Rewriting the Script: The Writers Guild’s Next Act

Sydni Wynter

Nearly 148 days after the Writer’s Guild of America (WGA) went on strike and effectively halted Hollywood as we know it, the writers’ unions and the Alliance of Motion Picture and Television Producers (AMPTP) have reached a tentative collective bargaining agreement that the Guild will bring to an official vote by union membership this week.[1] The nearly five-month strike beginning in May 2023, marked the first Hollywood shutdown in nearly two decades–which saw 11,500 motion picture, day-time television, and streaming writers out of work while the Guild and studios were engaged in fervent negotiations.

The Union raised a number of demands throughout negotiations: including increased minimum pay and royalty payments for cable and streaming production, strengthening of protections for writers, but most importantly, and controversially, express “guarantees that artificial intelligence would not encroach on writers’ credits, compensation,” and employability.[2] While the union and AMPTP trading alliances were able to reach an agreement on the majority of the Guild’s demands, the final point of contention centered on the use of generative artificial intelligence (GAI).[3] Alongside various ethical issues of GAI, the central anxiety surrounding the expansive form of technology is the unanswered copyright and intellectual property implications for ownership and liability that may create issues for writers and studios alike.[4]

Generative Artificial Intelligence uses available sets of data that contain examples of the entities that will be used as a beginning point for the generation of new data that is outputted.[5] The sets of data act as training sets in which information can be extracted, however the data that is contained in these sets may be protected by copyright—such as screenplays, poems, articles, and other forms of literary works.[6] One key feature of GAI processing that lies at the crux of its potentially troublesome legal implications is that it learns directly from the whole work as it exists in its expressive forms (which are protected by copyright law), not through the study of small features or underlying ideas (which are not protected by copyright law). Specifically, in the realm of script production and screenwriting, the use of GAI creates as least two issues in the realm of copyright law and its protections: (1) the use of protected works, which must be stored in memory until the end of the training process (if not longer, in order to reproduce the experiment); and (2) the ownership of intellectual property rights in the resulting, generated works.[7]

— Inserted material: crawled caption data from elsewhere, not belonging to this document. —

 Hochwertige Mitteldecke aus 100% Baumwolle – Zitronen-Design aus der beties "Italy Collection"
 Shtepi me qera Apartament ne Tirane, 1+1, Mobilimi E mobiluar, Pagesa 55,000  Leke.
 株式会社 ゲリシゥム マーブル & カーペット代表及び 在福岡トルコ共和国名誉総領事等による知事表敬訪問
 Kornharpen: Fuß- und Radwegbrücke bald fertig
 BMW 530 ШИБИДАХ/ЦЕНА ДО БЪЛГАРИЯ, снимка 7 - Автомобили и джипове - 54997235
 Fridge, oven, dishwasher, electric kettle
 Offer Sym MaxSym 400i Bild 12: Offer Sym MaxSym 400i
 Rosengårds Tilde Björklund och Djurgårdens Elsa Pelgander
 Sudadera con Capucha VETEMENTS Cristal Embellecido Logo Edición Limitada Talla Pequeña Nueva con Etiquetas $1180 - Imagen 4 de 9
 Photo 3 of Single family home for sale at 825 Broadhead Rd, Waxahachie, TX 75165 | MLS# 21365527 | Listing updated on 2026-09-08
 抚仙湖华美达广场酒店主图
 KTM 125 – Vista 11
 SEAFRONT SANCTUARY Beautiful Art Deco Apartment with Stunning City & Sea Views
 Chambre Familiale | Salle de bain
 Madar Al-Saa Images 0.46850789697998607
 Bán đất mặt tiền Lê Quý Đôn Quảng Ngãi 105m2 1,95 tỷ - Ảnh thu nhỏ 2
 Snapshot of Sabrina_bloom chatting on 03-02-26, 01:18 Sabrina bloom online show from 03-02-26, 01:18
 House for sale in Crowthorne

While the Copyright Office has attempted to provide guidelines around registering works with AI-assisted elements, and legislation is (hopefully) being created to provide statutory guidance, the Writer’s Guild has fought for express protections for its members and their works in the interim. The Writer’s Guild proposed tentative collective bargaining agreement (MBA), includes the proposal for a new addition, Article 72, that specifically deals with potential issues with Generative Artificial Intelligence that may affect the livelihood of writers.[8] The proposed Article sets out four explicit protections for writers related to generative artificial intelligence. The protections include an express agreement by the parties that AI will not be considered to be human, a writer, or a human writer—which resolves potential copyright issues in light of the human authorship requirement for copyright eligibility.[9] The following clauses establish a notice requirement for studios’ intended use of GAI in the script-writing process, deny studios the right to disqualify a writer from copyright and compensation rights for using GAI-produced material, and allow studios to disallow writers from using GAI if its use may affect the potential copyrightability of a work.[10] Perhaps most notably, the tentative agreement recognizes that the implementation of GAI into the motion picture production process may potentially introduce “issues of ethics, privacy, security, copyrightability or other protection of intellectual property rights.”[11] In acknowledging the peripheral legal issues, the Guild now retains the right to regularly meet with the AMPTP trade alliance to discuss, review, and amend the agreement between the parties to accurately reflect the rapidly changing legal landscape around artificial intelligence.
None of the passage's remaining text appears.